Simon Monjack a laissé dettes et loyers non payés chez ses nombreuses petites amies précédentes, et arnaqué pas mal de gens dans le milieu. Il possède lui aussi une santé approximative, souffre d’attaques à répétition. Plus tard, on dira qu’il était en parfaite santé mais souffrait du syndrome de Münchhausen (maladie psychique consistant à s’inventer sans cesse de nouveaux troubles physiques). Mais ça, ce sera après sa mort à lui. Oui, car le 23 mai 2010, soit cinq mois presque jour pour jour après Brittany Murphy, Monjack est retrouvé sans vie dans la villa de Rising Glen Road.

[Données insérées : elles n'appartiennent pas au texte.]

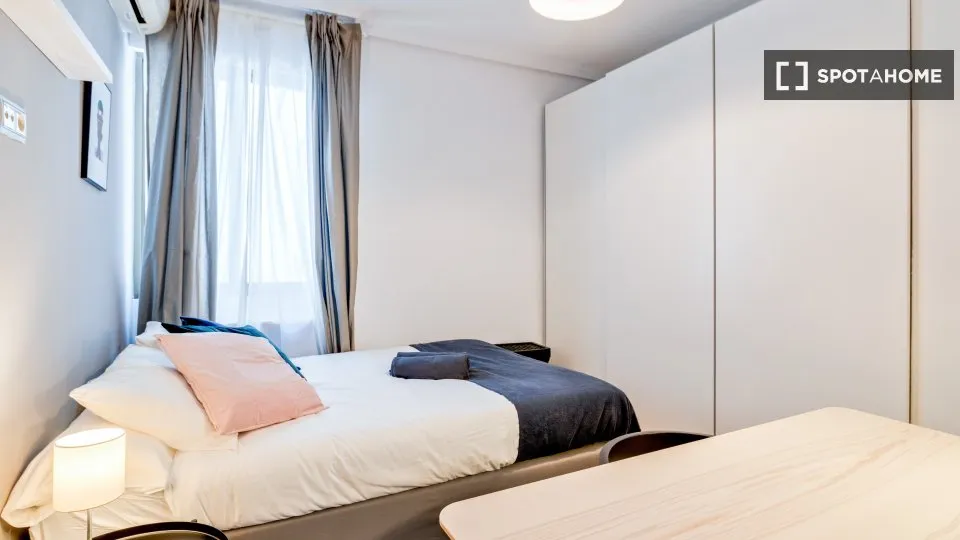 Chambres - Shared Flat with Modern Design in Madrid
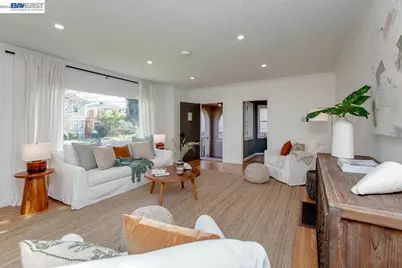 1321 Pearl St, Alameda, CA 94501 - Photo 5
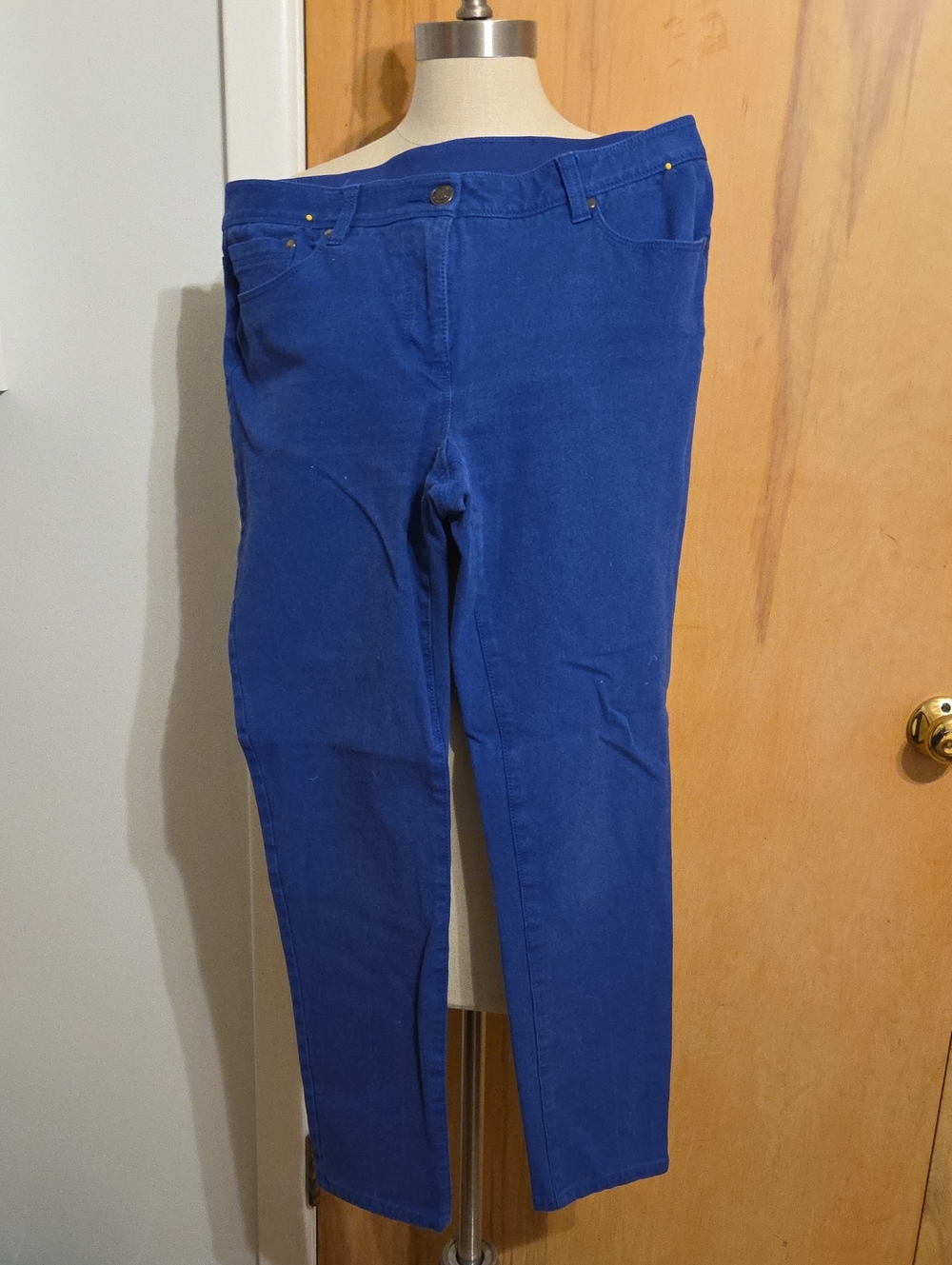 Chico's So Slimming Cobalt Blue Stretch Skinny Pants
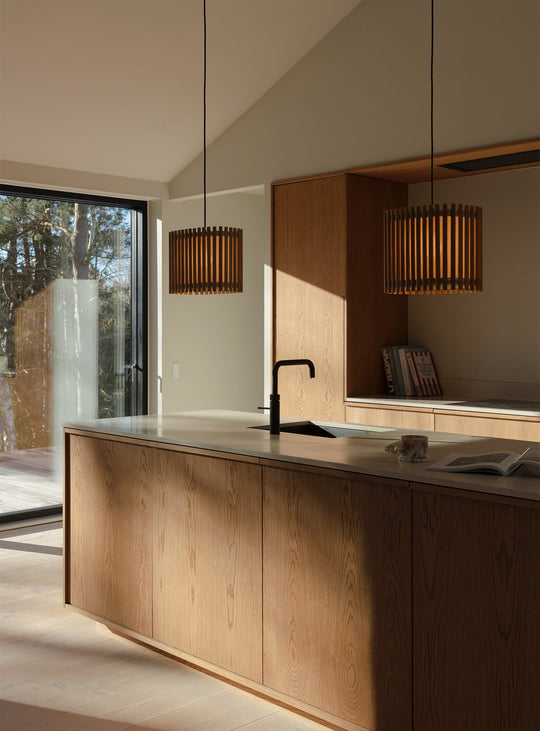 Abat-jour Komorebi Umage : un luminaire contemporain aux lignes organiques.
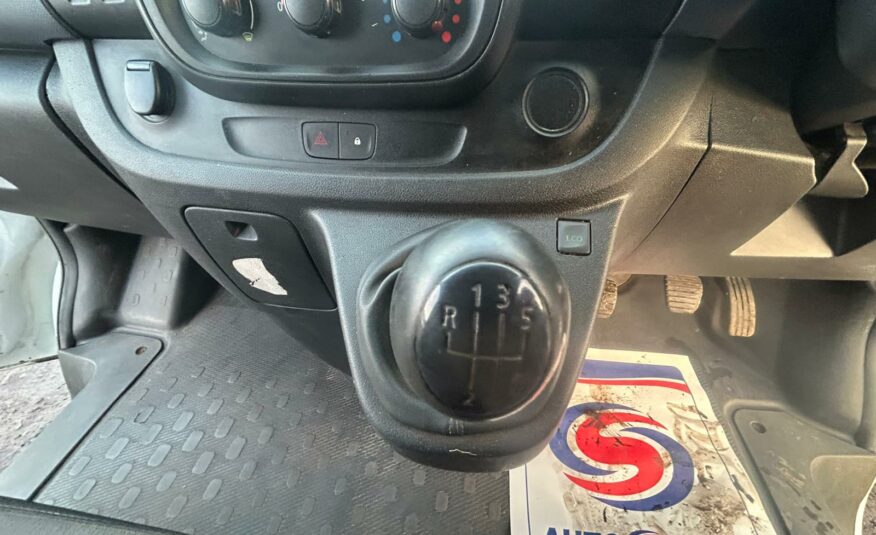 2015 VAUXHALL VIVARO 2900 CDTI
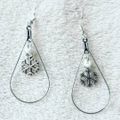 Boucles d'oreilles forme goutte et flocons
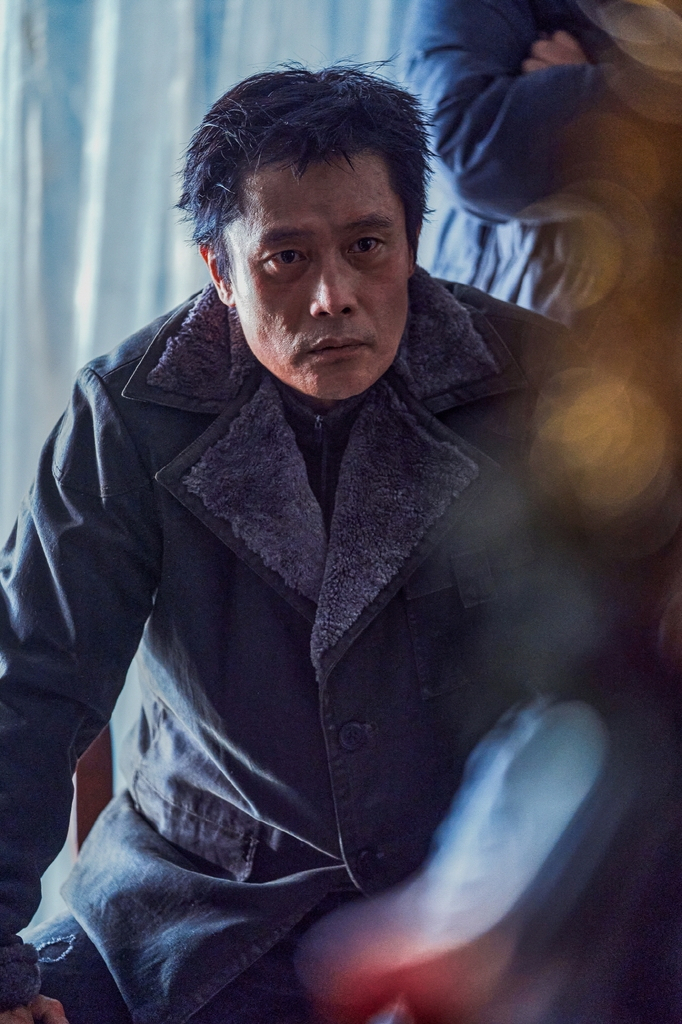 Lee Byung-hun stars as Young-tak in “Concrete Utopia” (Lotte Entertainment)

Qu’est-ce qui a tué Brittany Murphy ?
Le diagnostic ressemble étrangement à celui de sa femme : pneumonie aiguë et anémie sévère. Depuis, l’hypothèse d’une moisissure toxique ayant peu à peu gangrené les murs de la luxueuse maison a été avancée, sans être prouvée… La veille de la mort de la jeune femme, la tempête fait sauter les plombs plusieurs fois : on erre dans l’obscurité, manquant trébucher sur le petit chien de la maison, prénommé Clara, en hommage à Clara Bow, actrice des années 20 et personnage central du Hollywood Babylone de Kenneth Anger. Pour un peu, on se croirait dans un film de Nicolas Roeg. Alors, qu’est-ce qui a tué Brittany Murphy ? L’abus de médocs, la moisissure et/ou le mari toxiques, la salle de bains couleur pêche, le petit chien Clara ? Sa santé fragile ou tout simplement le coeur brisé par les vestiges de quelques rôles entrevus puis aussi vite échappés ? Elle est assurément la moins connue des « trash baby stars », mais son relatif anonymat donne à son histoire quelque chose d’éternel : un petit « conte » hollywoodien comme il en arrive (presque) tous les jours. Recouverte depuis par des monceaux de nouvelles morts, de nouveaux scandales, oubliée, Brittany Murphy garde pour elle ce destin loufoque et morbide à la James Ellroy et cette fin un peu old style Hollywood qui en font un petit fantôme unique rôdant dans les collines au-dessus de Sunset Boulevard. Une singularité que, précisément, elle n’avait jamais réussi à conquérir comme actrice.